Although U.S. news outlets report a nationwide spike in the number of teachers leaving the profession since the pandemic, the Newman School of Education and Social Work has 63 graduates ready to enter the field of teaching — its largest recruiting class in seven years.
Jessica Bird, interim dean of the school, said it’s clear that many individuals across Kansas still have the calling to be educators.
“It’s just a matter of trying to find those people who are called to the profession and helping them realize their potential,” she said.
Of the Newman graduates who have entered Kansas schools in fall 2021 and spring 2022, 60 are elementary education majors and three are secondary education majors. Twenty-two of the fall and spring graduates completed the program at the Dodge City location in western Kansas.
Transforming society one teacher at a time
As some Newman graduates enter Kansas schools as teachers for the first time, several Newman alumni of the education program are making an impact in their students’ lives years after they received their degree.
Three of the recent Newman Distinguished Alumni Award winners are graduates of the Newman education program: Sarah Forster ‘12, who teaches eighth-graders at the Jardine STEM and Career Explorations Academy in Wichita; Mary Carter, who serves as the principal at St. Francis of Assisi Catholic School in Wichita; and Catherine Mardon ‘07, who resides in Canada and is the author of 36 books, including 17 children’s books.
In her acceptance speech for the St. Maria De Mattias Award, Carter said she wasn’t at all surprised that three educators and coaches were among the group of distinguished alumni.
“Newman University has had the power to influence me and my ability to impact the students and the teachers whom I’ve served,” Carter said. “The degree I received at Newman truly expanded my circle of influence and it really brightened my world personally.”
Forster, who won the Spirit of Acuto Alumni Award, added that when you are part of an environment where you are blessed with guidance and support, “you can’t not be motivated.”
“When I reflected on my time attending Newman University, Dr. (Max) Frazier, who worked with me extensively as I grew as a young teacher, really instilled in us that charity and compassion are the ways that you make differences in the lives of our youth,” Forster said.
She added, “Taking that time to understand and build those relationships is the most important part of anything you’ll ever do in the classroom. Newman really built that foundation for me as a young teacher and it’s still with me today.”
Excelling in education
Newman’s Wichita campus, outreach sites, faculty connections to K-12 classrooms and real-world opportunities make the quality of the Newman education program a cut above the rest.

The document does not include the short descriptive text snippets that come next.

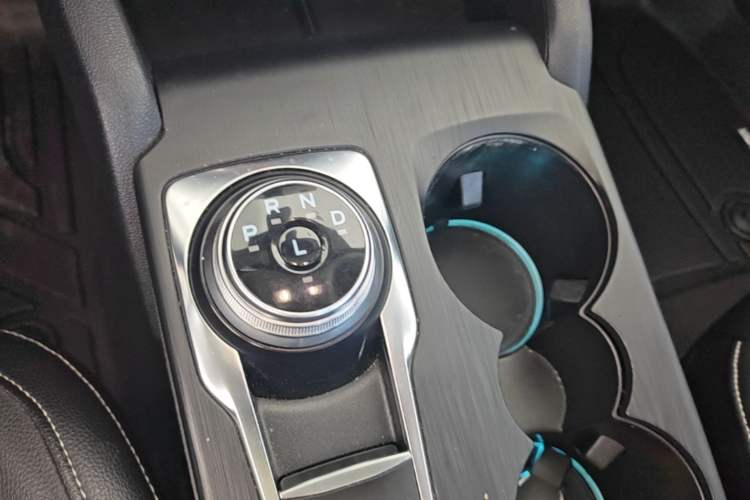 Used Ford Focus 2019 Sedan EcoBoost 125 Automatic Trendy Model China VI Standard Gear Lever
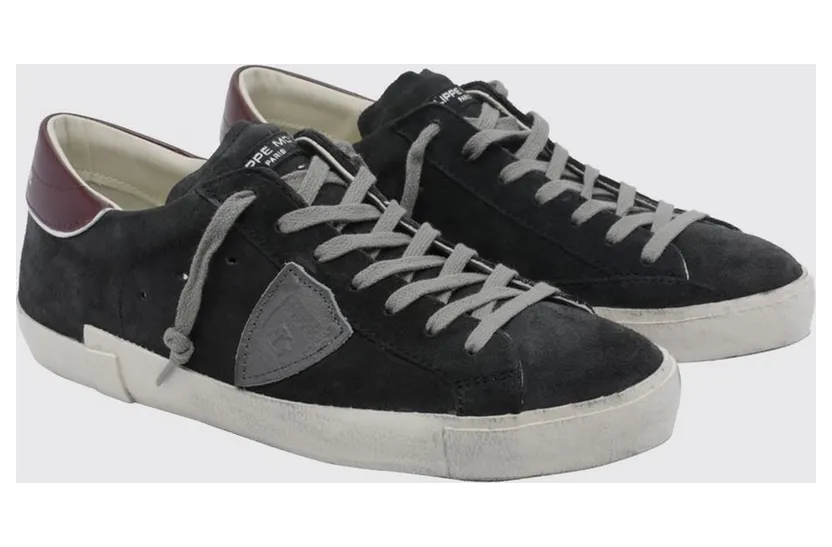 Philippe Model Paris Leather Low-Top with Worn Effect and Shield Logo Black (PRLUXS26)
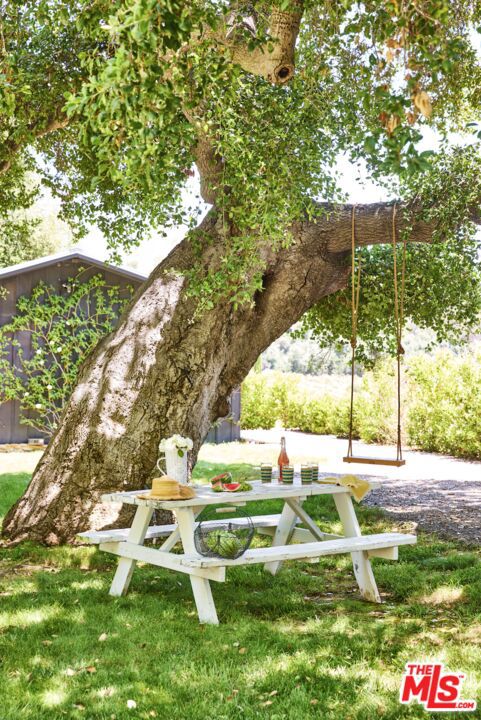 10999 Ojai Santa Paula Road, Ojai CA: https://media.crmls.org/mediaz/1c5e39f3-398c-4539-964c-bd823a9a80b4.jpg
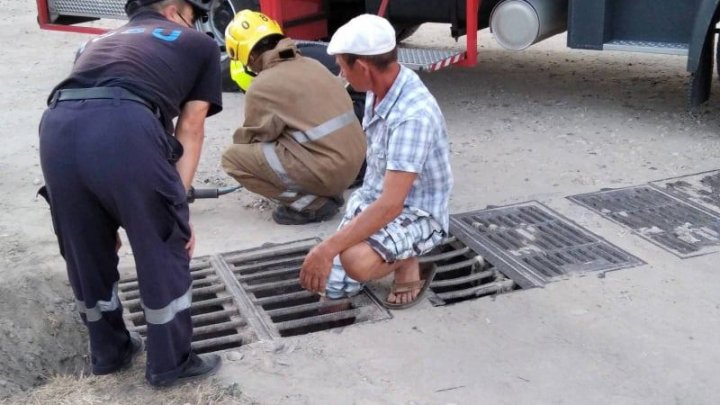 В Каушанах мужчина застрял в ливнёвке, упав с велосипеда (ФОТО)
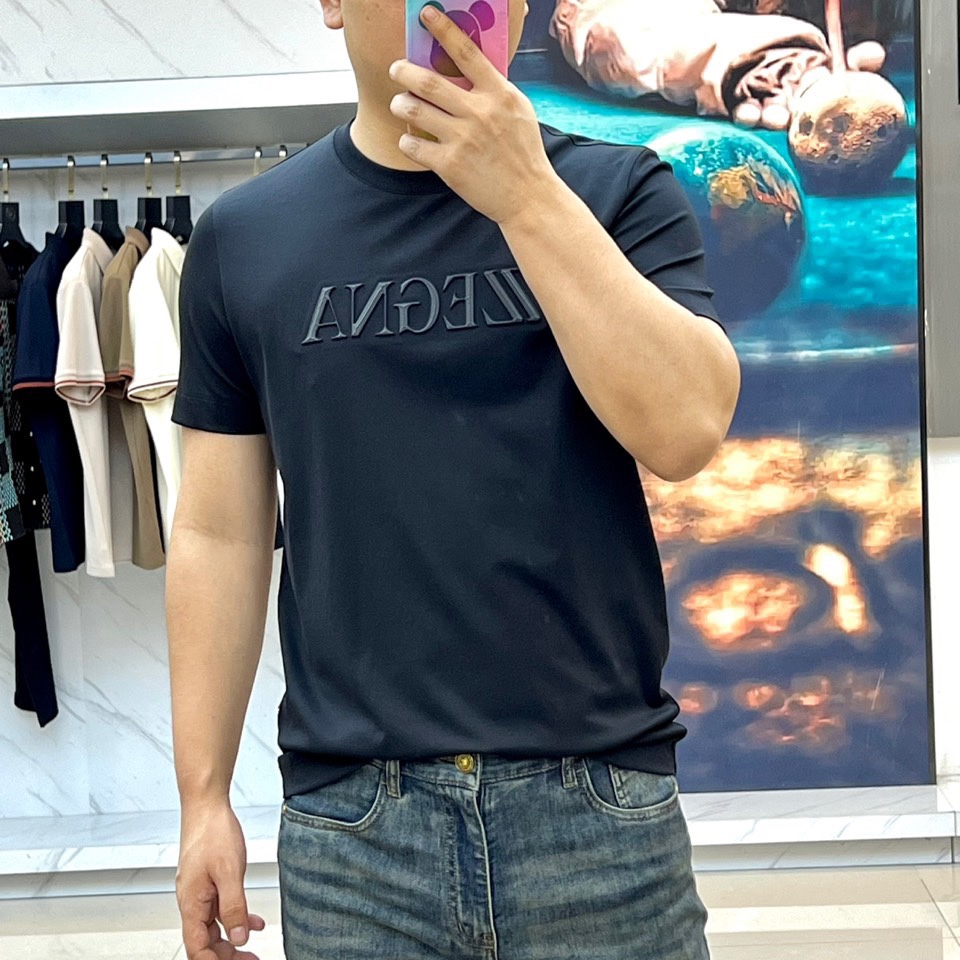 
Zegna杰尼亚、 2025春夏新款男士短袖T恤圆领，全新升级百搭款，低调奢华，品格之选！甄选长绒棉2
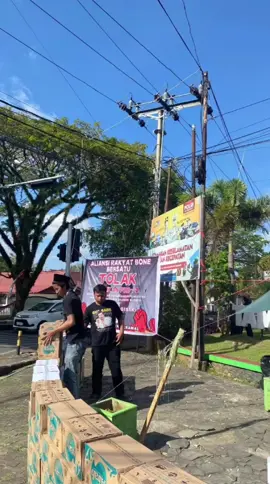 Posko Pengumpulan Logistik Aksi PBB-P2 di hari kedua, dukungan logistik terus bertambah dari berbagai pihak.  #pergerakan #mahasiswa #pmii #pbb #pergerakanmahasiswaislamindonesia 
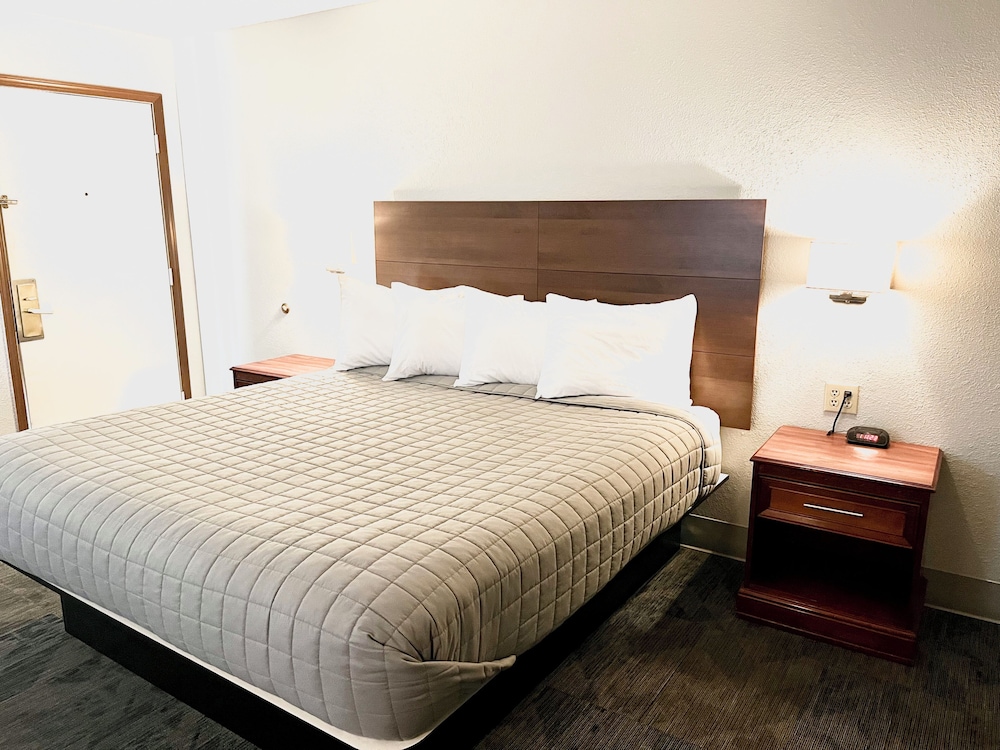 Deluxe Room, 1 King Bed, Non Smoking - Photo 7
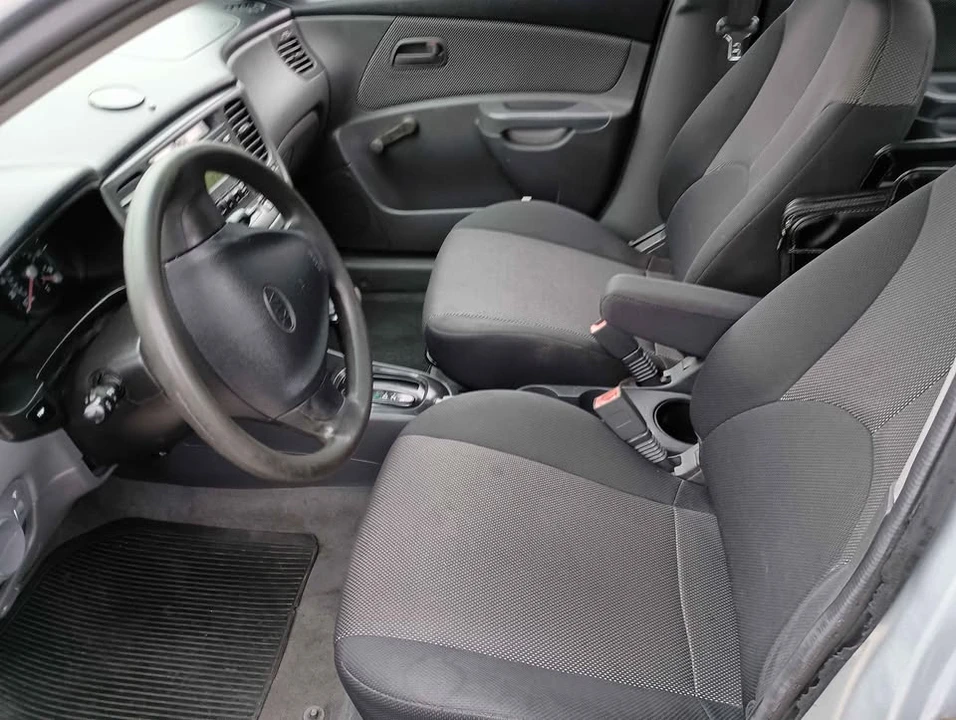 2006 Kia Rio - Image 7 of 8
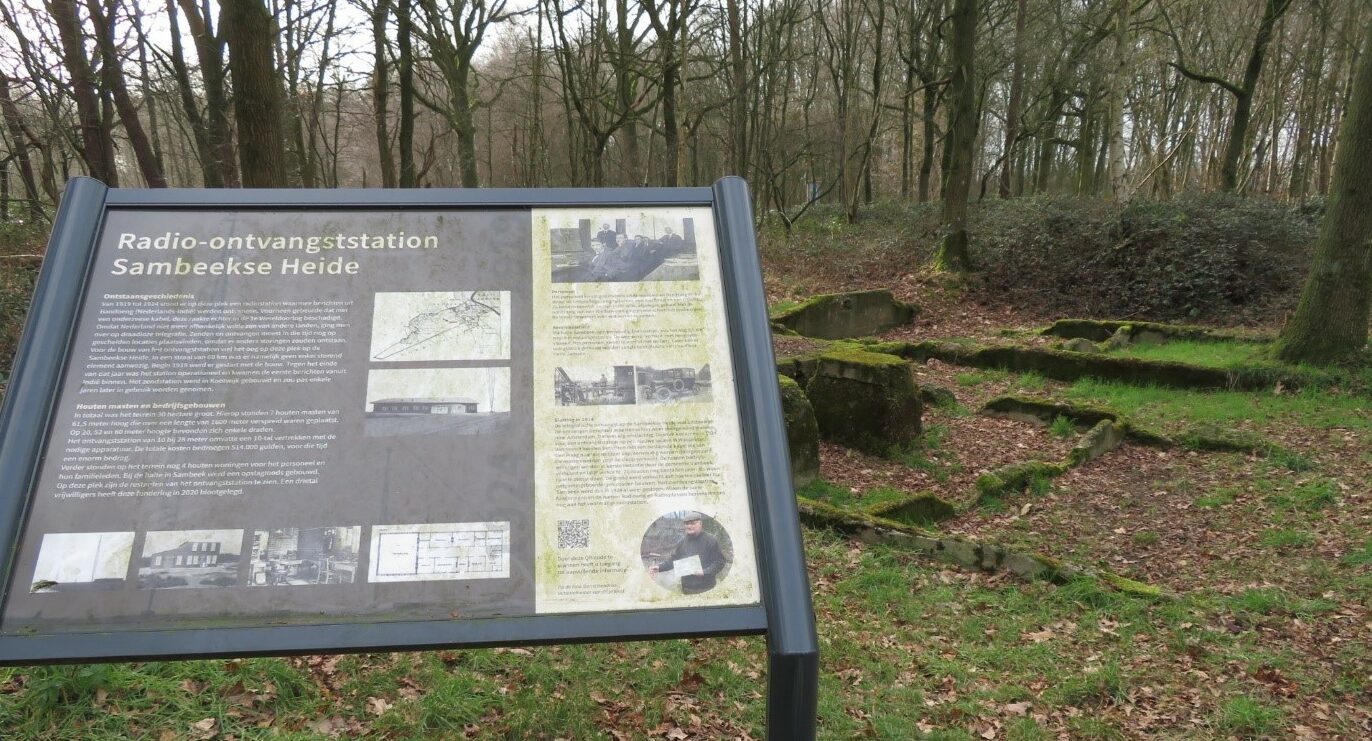 Informatiebord over Radio-ontvangststation Sambeekse Heide in bosrijke omgeving.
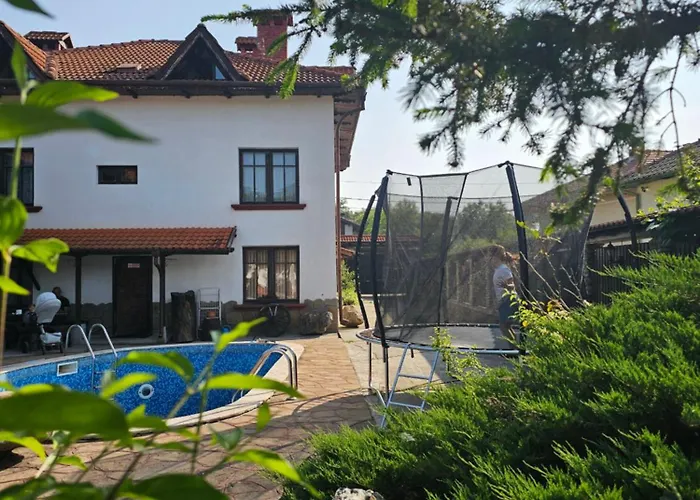 бащин дом 3* 阿普里尔齐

“Our faculty know their students’ stories, backgrounds, challenges and strengths,” Bird said. “They use all of that information to personalize the education experience at Newman, and are able to adapt quickly to new learning environments and situations.”
When the pandemic hindered students from entering classrooms, faculty and staff of the Newman education department were quick to make the switch to remote learning.
“We didn’t miss a beat. Teachers jumped. We can be flexible and innovative, and that speaks to the quality of the education our future teachers are taking with them.”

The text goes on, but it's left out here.